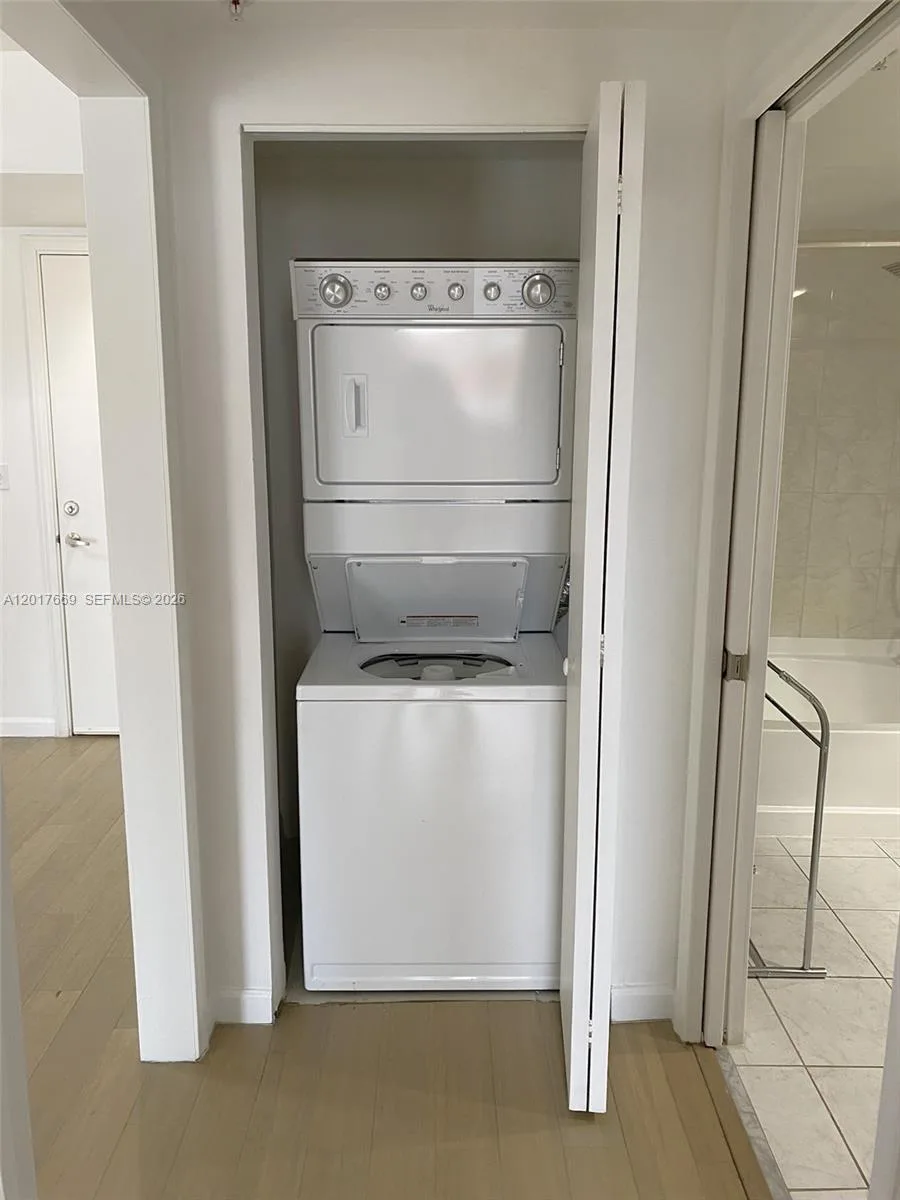 18800 NE 29th Ave # 1028, Aventura, FL 33180 photo 12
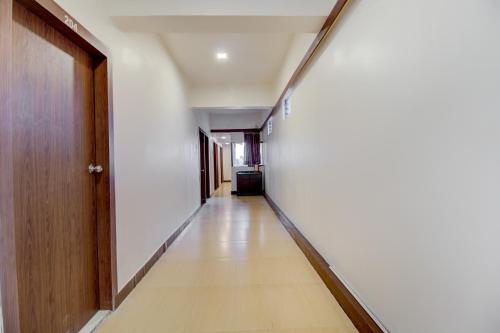 an empty hallway in a hospital with a door at OYO Della Comforts in Amarnāth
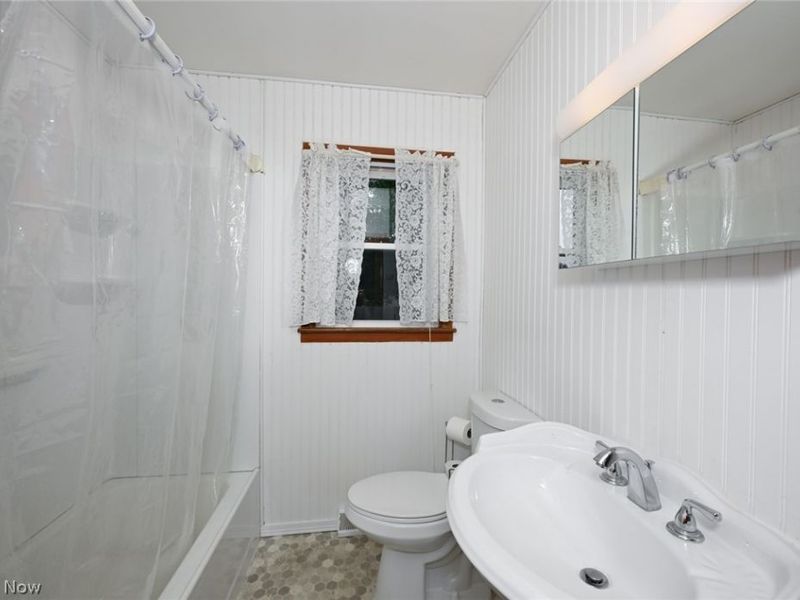 1325 Delverne Avenue SW, Canton, OH 44710 Photo 39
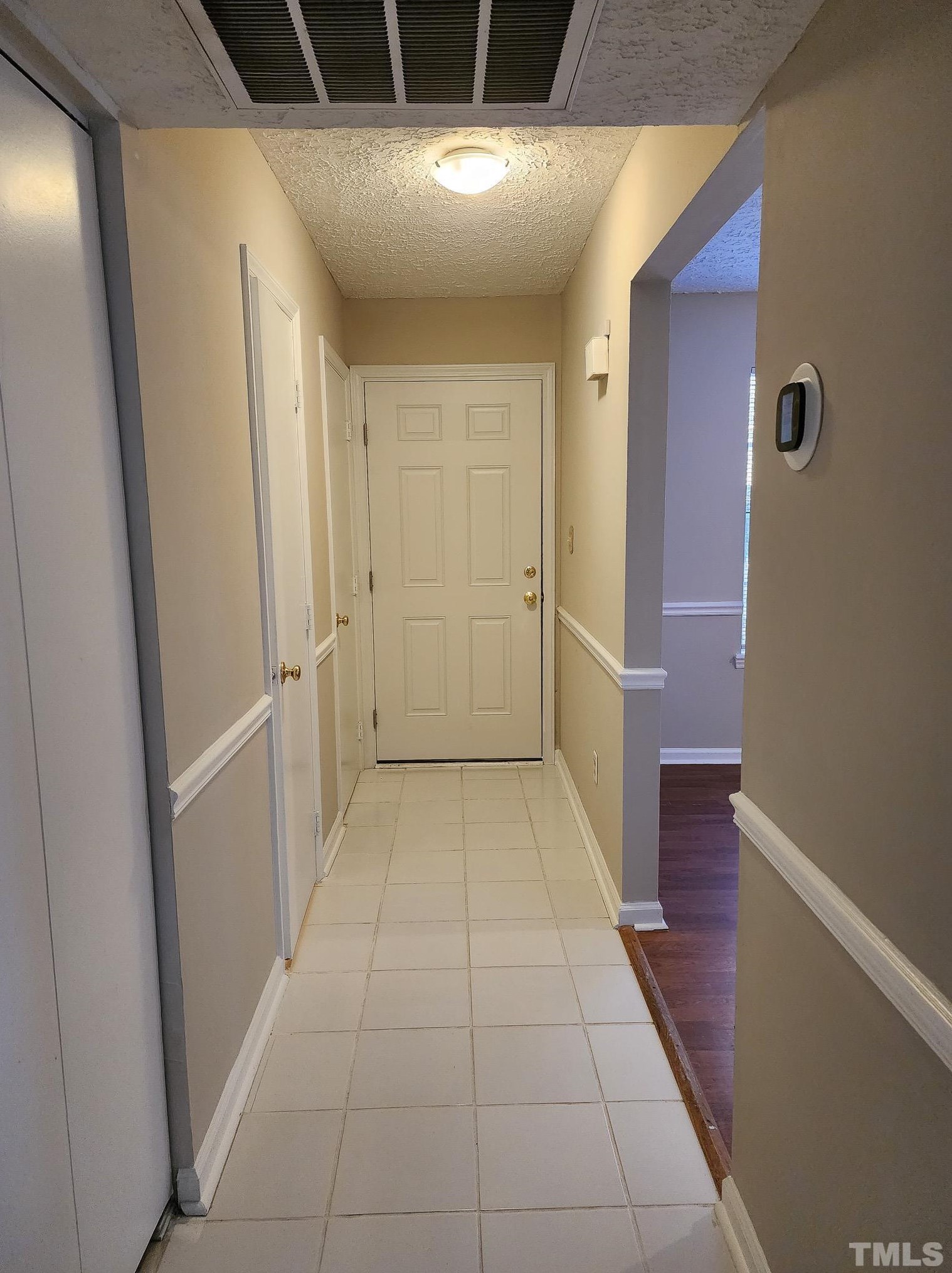 2729 Goshawk Ln, Raleigh, NC 27603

> **What to work on**:
Everything in the listing above except the pictures should be duplicated exactly.

> **Reply**:
 18800 NE 29th Ave # 1028, Aventura, FL 33180 photo 12
 an empty hallway in a hospital with a door at OYO Della Comforts in Amarnāth
 1325 Delverne Avenue SW, Canton, OH 44710 Photo 39
 2729 Goshawk Ln, Raleigh, NC 27603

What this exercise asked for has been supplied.